The first step is to draw the channel. To do that, you can either use two trend lines or the channel tool available on most trading platforms. The key rule about channels is that the support and resistance lines are parallel to one another (i.e. have the same angle). If the support line is 30 degrees up, then the same should apply for the resistance line. People draw channels by first drawing one line, either a resistance or a support line, and then drawing a parallel line at the other end.
Prices often move in waves within channels, and thus channels are good tools that help you predict and capture those waves. Channels can be used in both trending markets and sideways markets.

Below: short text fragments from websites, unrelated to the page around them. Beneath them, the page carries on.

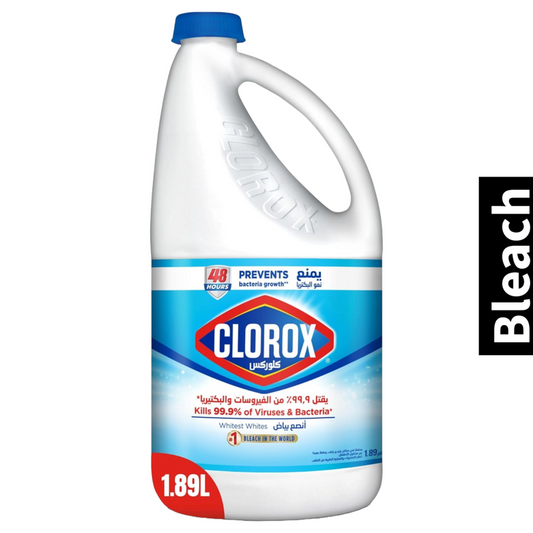 Kills 99.9% of Viruses Clorox Liquid Bleach 1.89L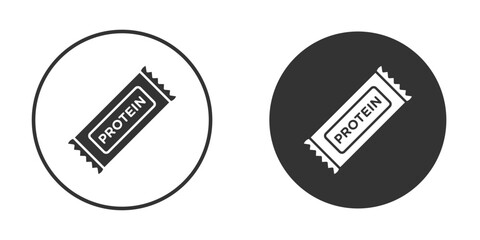 Protein bar icon or Logo. Flat Style vector EPS.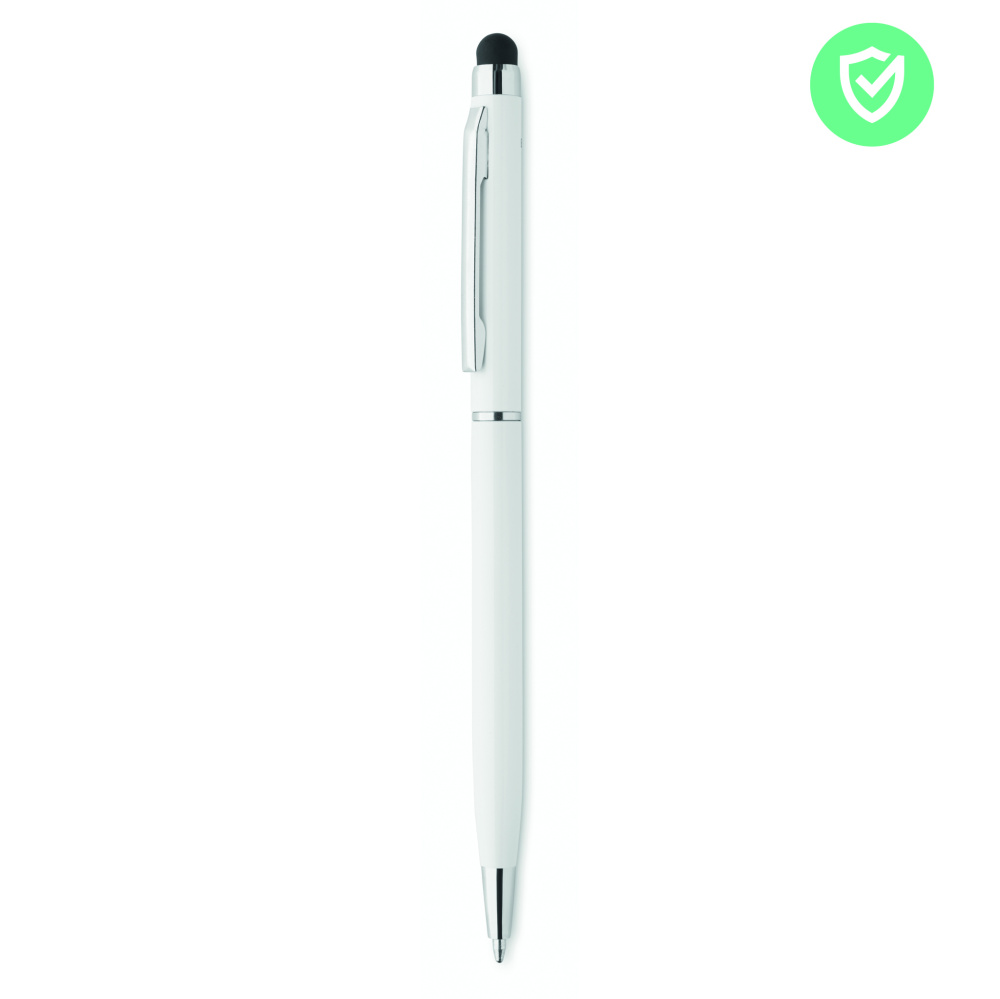 Logo trade business gift photo of: Stylus antibacterial pen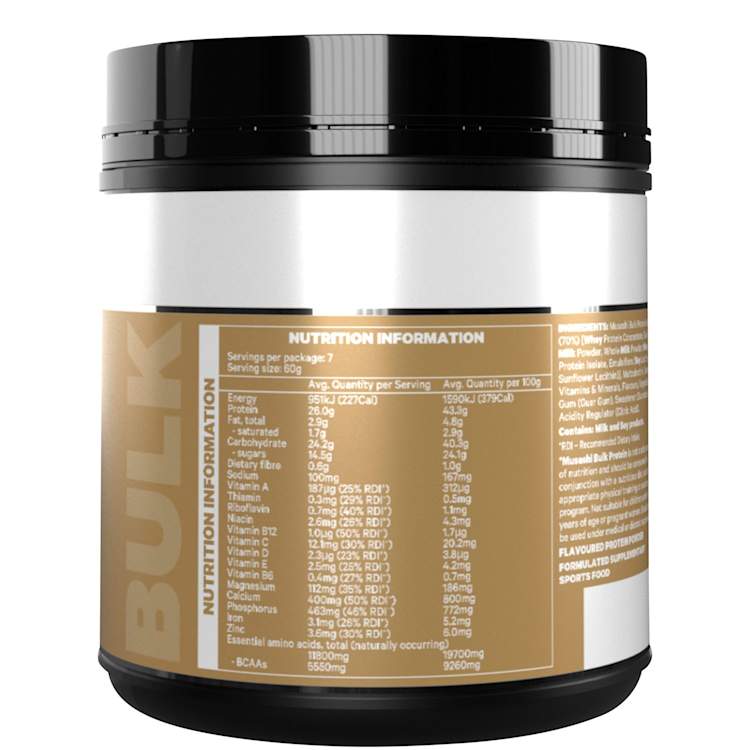 Musashi Bulk Protein Vanilla Milkshake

Once you have drawn the channel, it becomes easier to predict price direction. While in sideways markets you can trade in both directions, this is harder and riskier to do in trending markets. In an upward trend, for example, you should not be looking to establish short positions (i.e. sell). In trending markets, it would be safe to assume that markets can extend their movement in one direction against all expectations.
You can use an oscillator (such as the RSI, or the stochastics) to get a pulse of the momentum. Ideally, in sideways markets, you should wait for the price to react decisively to a resistance or a support line, and also see the momentum turning in your favor. This way, you have a confluence of signals that helps increase the success probability of the trade.
As for trends, such as a downtrend, for example, you should wait for the price to go back to the resistance line, and then reverse direction, indicating that it would continue the trend. An oscillator here also helps you identify areas where momentum has turned.
Channels are a great trading tool because it is easy to set stop loss and target levels based on them. The stop loss level is usually below the support line (or above the resistance line), and the target level is usually at the other end of the channel.